▸ **INSTRUCTIONS FOR THE TASK**:
Could you report every line from the entries that includes the word "Wedding"?
--- DATA PROVIDED Enclosed Below ---
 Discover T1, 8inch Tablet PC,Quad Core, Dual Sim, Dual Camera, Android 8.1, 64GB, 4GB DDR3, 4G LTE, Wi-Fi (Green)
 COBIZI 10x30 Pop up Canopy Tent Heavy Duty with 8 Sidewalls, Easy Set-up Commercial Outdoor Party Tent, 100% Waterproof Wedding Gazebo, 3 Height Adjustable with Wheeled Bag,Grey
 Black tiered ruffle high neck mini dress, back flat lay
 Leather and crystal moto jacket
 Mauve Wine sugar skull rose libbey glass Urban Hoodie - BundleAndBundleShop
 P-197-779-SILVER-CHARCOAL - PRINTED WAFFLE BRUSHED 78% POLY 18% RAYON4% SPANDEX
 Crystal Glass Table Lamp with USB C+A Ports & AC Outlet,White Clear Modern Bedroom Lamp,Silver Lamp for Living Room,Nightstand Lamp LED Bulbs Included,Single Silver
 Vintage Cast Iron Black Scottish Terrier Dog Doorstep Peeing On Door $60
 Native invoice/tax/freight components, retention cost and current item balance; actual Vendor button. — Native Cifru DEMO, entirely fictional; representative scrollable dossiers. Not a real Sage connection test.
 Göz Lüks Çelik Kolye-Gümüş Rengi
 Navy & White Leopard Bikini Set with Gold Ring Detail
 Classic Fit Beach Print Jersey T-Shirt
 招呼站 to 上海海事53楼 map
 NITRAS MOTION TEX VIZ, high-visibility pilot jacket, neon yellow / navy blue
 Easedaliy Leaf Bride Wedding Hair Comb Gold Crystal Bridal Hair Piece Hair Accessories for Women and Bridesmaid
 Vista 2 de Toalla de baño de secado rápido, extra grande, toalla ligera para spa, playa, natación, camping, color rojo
--- End of Enclosed DATA PROVIDED ---
▸ **ANSWER TO THIS PROBLEM**:
 COBIZI 10x30 Pop up Canopy Tent Heavy Duty with 8 Sidewalls, Easy Set-up Commercial Outdoor Party Tent, 100% Waterproof Wedding Gazebo, 3 Height Adjustable with Wheeled Bag,Grey
 Easedaliy Leaf Bride Wedding Hair Comb Gold Crystal Bridal Hair Piece Hair Accessories for Women and Bridesmaid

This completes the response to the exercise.